74 School Shootings Bunk
How you define a thing defines that thing.
Recently the President of the United States, echoing without analysis a gun control group sound bite, talked about how there have been 74 school shootings since the Sandy Hook massacre. He did not elaborate on how he came by this number because, frankly, he doesn’t know what he is talking about (surprise).
Like many criminological things, the definition of a “school shooting” is borderline nonsensical and defined by government criminologists. In the Bureau of Justice Statistics publication Indicators of School Crime and Safety: 2013, they note:
School associated violent deaths include those that occurred while the victim was on the way to or returning from regular sessions at school or while the victim was attending or traveling to or from an official school sponsored event.
Ponder this for a moment. A kid wearing the wrong colors while dashing from school to home through a gang-infested inner-city neighborhood, and who is mistaken for a rival gang member and thus murdered, is considered a “school shooting.” But this gets even odder when the report also states:
Victims of school-associated violent deaths include not only students and staff members, but also others who are not students or staff members, such as parents.
So anyone regardless of their age, job or employment/enrollment status, shot in route to or from a school is considered a school shooting. A janitor who commits suicide in his car when he gets home is a school associated violent death. A street thug running for his life and escaping onto a campus while catching a bullet in the back is a school shooting.
I could go on, but the point is clear: There is no epidemic of fatal school violence. The same BJS report that defines school shootings also says:
… the percentage of youth homicides occurring at school remained at less than 2 percent of the total number of youth homicides … there were 17 school-associated violent deaths between December 15, 2012, and November 14, 2013; of these deaths, 11 were homicides and 6 were suicides …
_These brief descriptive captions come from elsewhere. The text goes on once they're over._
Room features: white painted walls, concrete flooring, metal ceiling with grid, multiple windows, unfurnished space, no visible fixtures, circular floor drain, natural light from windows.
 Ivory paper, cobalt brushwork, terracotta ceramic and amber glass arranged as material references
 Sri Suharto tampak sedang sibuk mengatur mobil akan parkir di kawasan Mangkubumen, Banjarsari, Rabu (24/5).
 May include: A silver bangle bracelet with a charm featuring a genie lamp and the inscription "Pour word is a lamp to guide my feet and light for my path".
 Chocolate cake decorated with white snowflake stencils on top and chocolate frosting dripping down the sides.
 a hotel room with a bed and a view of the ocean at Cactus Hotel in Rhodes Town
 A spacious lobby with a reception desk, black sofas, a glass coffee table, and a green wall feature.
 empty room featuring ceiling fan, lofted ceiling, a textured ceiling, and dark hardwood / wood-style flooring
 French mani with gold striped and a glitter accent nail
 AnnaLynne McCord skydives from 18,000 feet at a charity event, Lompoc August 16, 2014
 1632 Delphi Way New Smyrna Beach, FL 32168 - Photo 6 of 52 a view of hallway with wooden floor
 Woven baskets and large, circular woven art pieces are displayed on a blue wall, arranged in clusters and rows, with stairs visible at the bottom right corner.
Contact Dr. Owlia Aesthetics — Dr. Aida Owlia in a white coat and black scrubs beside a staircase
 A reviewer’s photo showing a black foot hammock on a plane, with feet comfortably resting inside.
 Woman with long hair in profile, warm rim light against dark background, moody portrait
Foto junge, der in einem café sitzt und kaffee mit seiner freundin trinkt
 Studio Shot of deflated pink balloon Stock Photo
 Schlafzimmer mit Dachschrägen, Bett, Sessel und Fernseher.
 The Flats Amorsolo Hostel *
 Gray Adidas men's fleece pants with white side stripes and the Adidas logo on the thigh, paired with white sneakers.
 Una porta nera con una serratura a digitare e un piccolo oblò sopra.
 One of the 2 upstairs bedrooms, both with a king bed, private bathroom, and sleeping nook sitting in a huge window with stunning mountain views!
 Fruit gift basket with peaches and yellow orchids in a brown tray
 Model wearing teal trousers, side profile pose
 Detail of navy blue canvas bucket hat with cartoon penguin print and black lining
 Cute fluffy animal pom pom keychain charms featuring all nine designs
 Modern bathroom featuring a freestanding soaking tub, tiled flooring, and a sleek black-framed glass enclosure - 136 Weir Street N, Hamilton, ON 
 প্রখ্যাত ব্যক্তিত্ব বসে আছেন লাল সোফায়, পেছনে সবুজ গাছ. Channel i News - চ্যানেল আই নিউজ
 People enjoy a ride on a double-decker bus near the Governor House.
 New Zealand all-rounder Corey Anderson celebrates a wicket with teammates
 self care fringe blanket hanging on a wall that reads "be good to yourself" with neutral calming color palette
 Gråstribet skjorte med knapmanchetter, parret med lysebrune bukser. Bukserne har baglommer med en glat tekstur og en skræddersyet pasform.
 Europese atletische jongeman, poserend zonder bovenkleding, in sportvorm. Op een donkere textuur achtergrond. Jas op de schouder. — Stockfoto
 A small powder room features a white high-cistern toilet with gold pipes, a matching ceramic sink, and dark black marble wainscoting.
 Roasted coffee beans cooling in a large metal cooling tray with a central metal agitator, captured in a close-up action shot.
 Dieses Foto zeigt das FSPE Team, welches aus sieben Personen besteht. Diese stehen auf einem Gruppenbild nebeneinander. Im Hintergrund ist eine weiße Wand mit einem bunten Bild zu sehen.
First, when it comes to young people being murdered, school is one of the safer places. Second, in the first year after Sandy Hook, eleven youngsters were murdered (some without guns and some nowhere near campus).
The source of the scare tactic was none other than Everytown, who didn’t even bother to use the governments definition of a “school shooting.” Instead they scanned news reports and gathered up all stories whereby:
Incidents were classified as school shootings when a firearm was discharged inside a school building or on school or campus grounds, as documented in publicly reported news accounts. This includes assaults, homicides, suicides, and accidental shootings.
In their “analysis”, a school shooting involves self-defense warning shots, accidental discharges by cops on site, and college campus suicides (14 of Everytown’s 74 incidents were suicides or attempts, 15 involved nobody getting shot, and only 20 people were reported dead).
Fear not mom and dad. Your schools – unless you live in Chicago – are one of the safest places your kids can be.